On both sides of the Atlantic, smoke billowed from factory chimneys, rows of new houses went up in the cities and freight trains carried industrial products off to market and to seaports, for shipments overseas. Such signs of industry’s growth could be seen throughout the industrial West. Elsewhere, in the less developed parts of the world, they were not so evident — but their effects were felt just the same.
For, as industry expanded in Western Europe and the United States, it reached further and further afield in quest of supplies for its factories and customers for its products. In Asia, Africa, Latin America and other non-industrial regions, armies of native workers came to depend for their livelihood on the money some distant European or American businessman paid their employer for the tin they mined or the cotton they picked or the raw rubber they collected. In turn, the same workers spent part of their wages on pots and pans, shirts, dresses and other articles fashioned by distant machines out of the very materials they provided. Thus, through trade, peoples separated by oceans and continents — and by completely different ways of life — came into regular contact with one another.
This change, the most momentous of all the changes brought about by the rise of industry, took place over a mere half century. It could not have come about so quickly without the drive and determination of men who planned and built canals and railways, bridges, harbours and drydocks, ships and locomotives. What hastened the change even more was the work of inventors.
FARMING DECLINES
To meet the challenges raised by the growth of industry and trade, men of science throughout the West turned their talents to improving engines that made use of natural forces, such as the steam engine and to devising new ones. Out of their experiments came faster, more powerful railway engines and ships that carried large cargoes at high speeds across thousands of miles. Meanwhile, other inventors were trying to solve the problem of communicating over long distances a problem which became more and more pressing as world trade grew in value and volume. In 1866, an American named Cyrus Field laid the first successful telegraph cable across the Atlantic.
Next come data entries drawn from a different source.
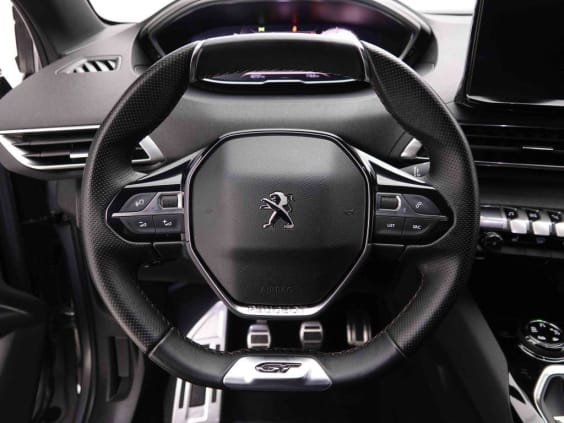 Peugeot 3008 1.2 T 130 EAT8 GT-Line Gris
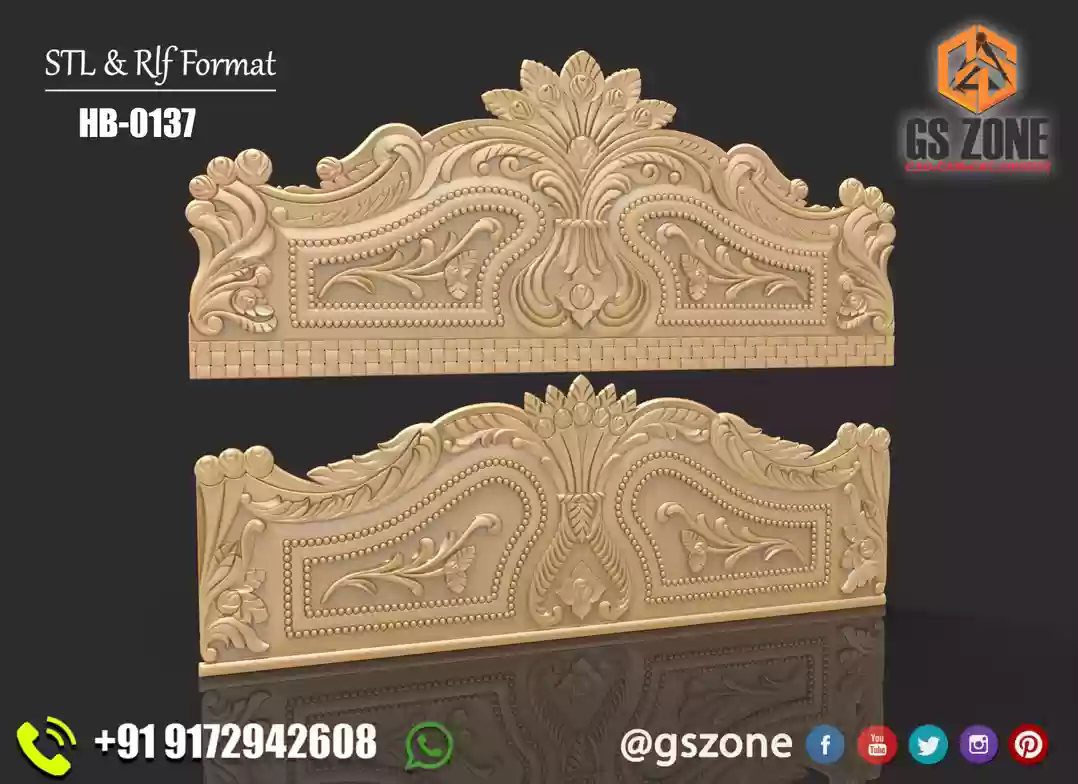 3D HB Bed Design 137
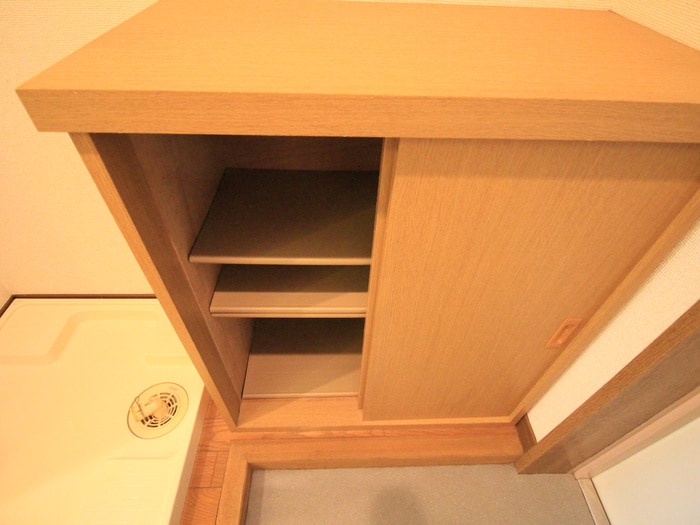 靴箱 メゾン・ドゥ・ミル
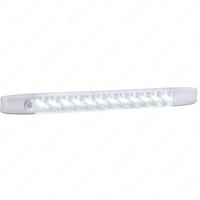 Narva 12V Dual Colour L.E.D Strip Lamp White/Blue Color With Touch Switch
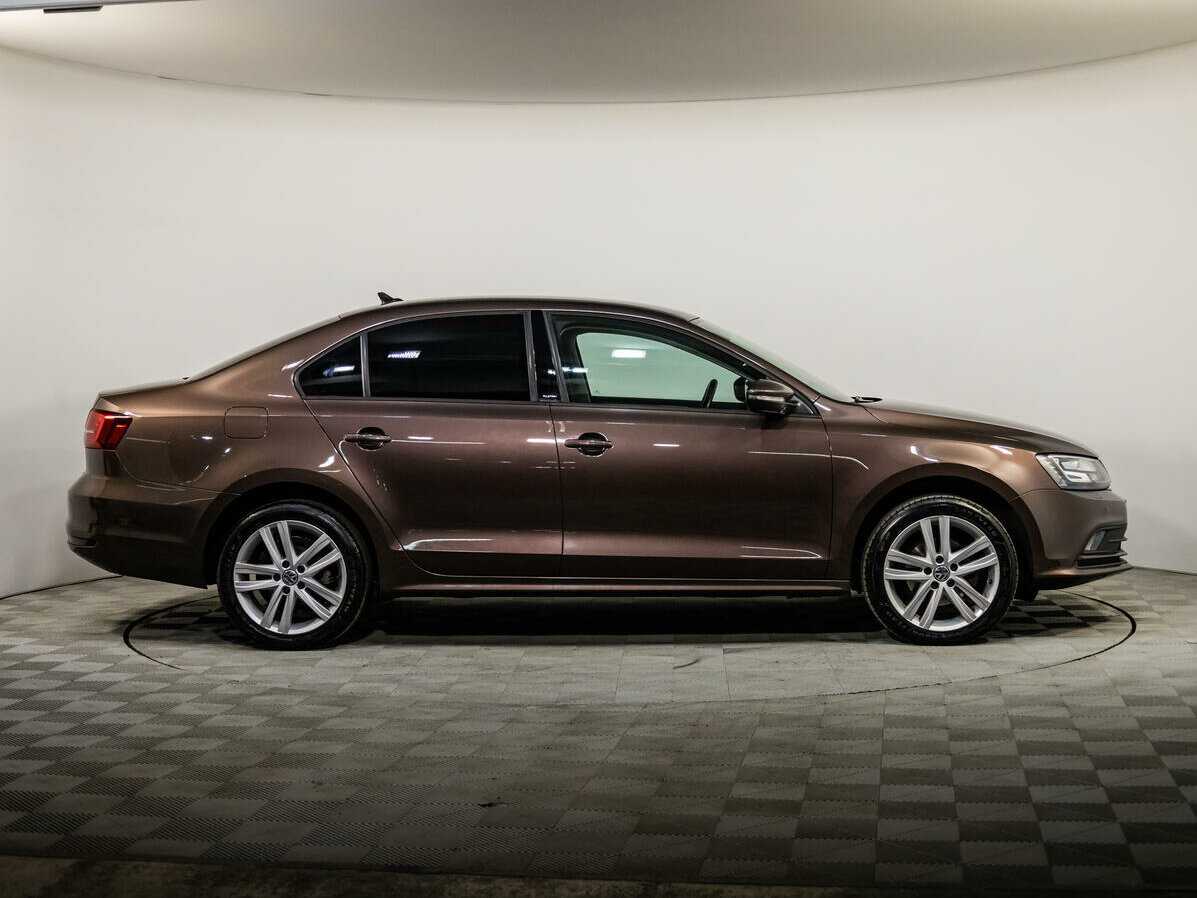 Volkswagen Jetta, 2016 - 119 856 км. | Фото №3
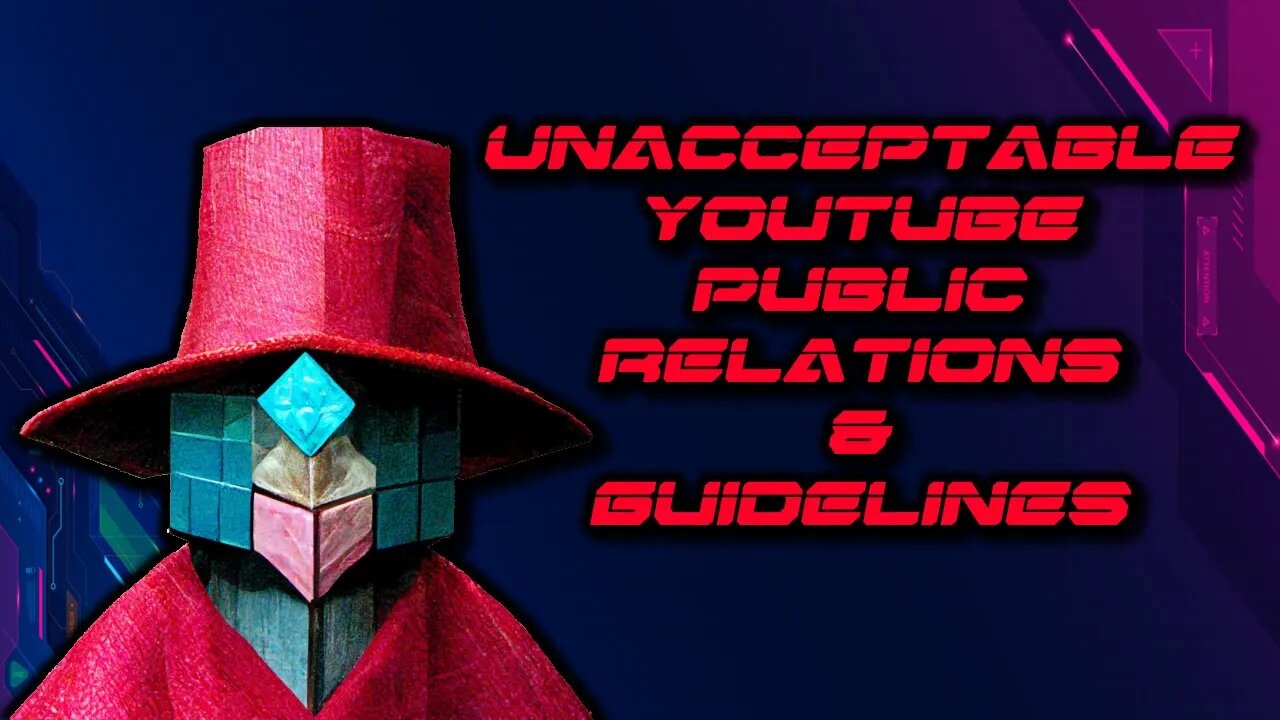 Infuriating Youtube Injustice, Live stream strikes, bans & yelling into the void as a small creator.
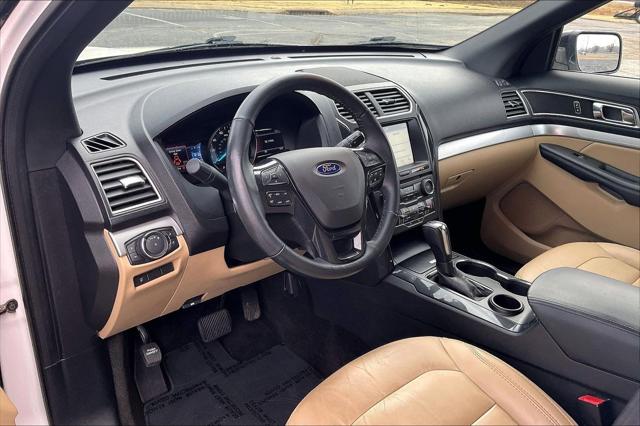 Used 2017 Ford Explorer For Sale in Olive Branch, MS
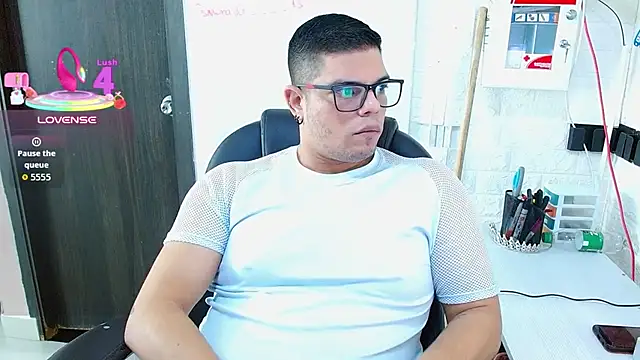 Realjoel01 Шоу с уебкамера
Ten years later, another American, Alexander Graham Bell, invented the telephone. In 1895, an Irish-Italian inventor, Guglielmo Marconi, sent radio signals through the air for the first time. These inventions and others were quickly improved by their inventors and others.
The outcome of all this activity was a worldwide revolution in transportation and communications. By the start of the twentieth century, the time it took to travel to far-off places was half or even a third of what it had been only fifty years before. Soon, the automobile and the airplane would reduce travel time even further. Already it was possible to transmit commercial or other information half way around the globe in a twinkling.
To the people of the West, the world, which had seemed vast to their grandfathers and even to their fathers, appeared to have shrunk. Commercial ties that bound the industrial countries ever more tightly to the non-industrial lands, events in remote places now directly affected the lives of the people in New York and London, Paris and Berlin. Few people anywhere still lived completely apart from the rest of humanity. The great sea and land barriers that had always divided mankind were no longer so important. For the first time, the history of the world had become the history of all its Peoples together.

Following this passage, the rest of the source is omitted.